Francis répond - 23

Francis Lucille

Cher Francis, visionnant quelques de vos vidéos sur le net, je vous ai entendu dire que la liberté était la reconnaissance de l’indépendance de la conscience par rapport aux objets. Comprenant parfaitement que la conscience est (le) préalable de toute manifestation - car c’est en elle que les objets apparaissent et disparaissent - j’ai pourtant une grande difficulté à saisir comment il serait possible de faire l’expérience de la conscience sans objet. Jusque là, j’appréhendais la non-dualité comme étant l’union, justement, de la conscience et du monde manifesté. Je conçois donc bien que la conscience puisse exister en absence de forme, mais il me semble que pour que la conscience puisse être consciente d’elle-même, elle a besoin de pouvoir se refléter dans une forme. Pourriez-vous, s’il vous plaît, m’éclairer à ce sujet? Sincèrement vôtre, Steven

Cher Steven,

Interrogez-vous sur la nature réelle de l’expérience qui vous conduit à la certitude qu’il y a conscience. Nous croyons en général que cette certitude repose sur l’expérience objective (présence de pensées, de sensations corporelles et de perceptions sensorielles externes). Toutefois, une observation plus approfondie nous permettra de nous rendre compte que tel n’est pas le cas. En effet, l’expérience objective, l’expérience de la simple présence de pensées par exemple, ne permet pas en toute logique de conclure à l’existence de la conscience, mais uniquement à l’existence de pensées. Si nous n’avions pas une connaissance expérimentale réelle de la conscience, nous n’aurions pas cette certitude absolue que nous avons de son existence. Une telle certitude ne peut provenir que d’une expérience directe de la chose dont on est certain, et non d’une inférence qui laisse toujours une marge d’incertitude. Par exemple l’existence d’un monde extérieur en l’absence de perception est une inférence qui, bien que généralement admise par le sens commun, laisse planer un doute sur la continuité du monde. En effet, lors du rêve, nous ignorons que nous rêvons.
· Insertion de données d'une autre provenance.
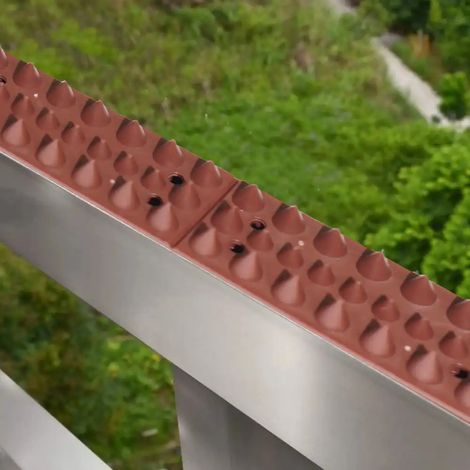 Dissuasori a Spillo Spilli Piccioni Plastica Per Uccelli Colombi Volatili 5 Mt (1/10)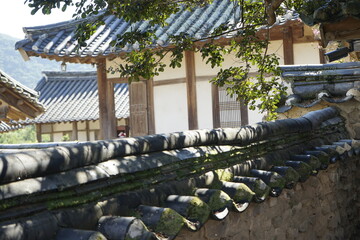 경상북도 안동에 있는 병산서원은 고려시대부터 교육기관으로 사용되어 온 전통적인 한국식 건물로 아름다운 곳입니다.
Le monde qui semble nous entourer pourrait donc être à notre insu une illusion semblable au monde qui apparaît dans nos rêves, dénué comme lui d’existence en dehors de sa perception.

Nous devons donc conclure que la certitude de conscience provient d’une expérience non objective qui correspond à un mode de connaissance différent, d’une “aperception” subjective au lieu d’une perception objective. Dans cette aperception la conscience se connaît directement elle-même par elle-même. Cette aperception est intemporelle et supra-mentale. Vue du point de vue du mental, elle apparaît comme une compréhension sans durée, une fulgurance de l’Etre, une évidence absolue qui laisse le mental transformé sans qu’il ait accès à la connaissance de l’agent de cette transformation.

La conscience n’a pas besoin de se refléter dans la forme pour se connaître, mais la forme a besoin de se refléter dans la conscience pour être connue:

“Les êtres ont leur racine en Moi, mais Je n’ai pas mes racines en eux.” (Baghavad Gita).

La dualité forme - conscience n’est qu’une apparence analogue à la dualité reflet - miroir.